Background: Possible solutions for the low success rate in CNS Drug discovery and development in CNS diseases include drug repurposing.
Objectives: As a possible alternative to prohibitively expensive systematic testing in animal models, we propose to use a humanized quantitative systems pharmacology (QSP) platform as an example of a well-validated phenotypic assay in Parkinson's disease (PD) tremor for filtering out possible interesting molecules that then can be tested in preclinical animal models. This will significantly reduce discovery time and costs, while at the same time providing a better predictability to the human clinical outcome. The method will be applied to the Prestwick library, a library of FDA approved and off-patent medications.
Methods: The platform contains 30 CNS physiologically implemented targets and simulates biophysically realistic neuronal network interactions between supplemental motor cortex and motor striatum based on preclinical neurophysiology and human electrophysiology data. Importantly, the platform is further calibrated using retrospective clinical data on Parkinsonian side-effects with antipsychotics.

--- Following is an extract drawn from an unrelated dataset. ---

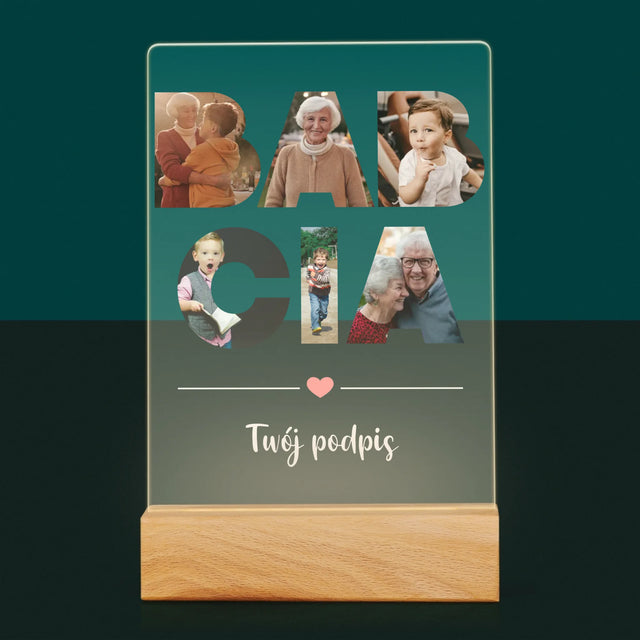 Słowo Ze Zdjęć: Babcia - Wydruk Na Szkle Akrylowym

Results: We use this QSP platform to screen pharmacological profiles of serotonergic drugs in the Prestwick library. We identified five interesting multi-pharmacology agents, including trazodone that in a previously reported study improved clinical PD scales as augmentation strategy.
Conclusion: The Quantitative Systems Pharmacology platform is a powerful modeling and simulation tool with a relevant human clinical scale as output, where multi-target drugs effect can be simulated and promising candidates for further study in pharmacological profiling or animal models can be identified.
Keywords: Parkinson's disease; Systems pharmacology; drug repurposing; tremor.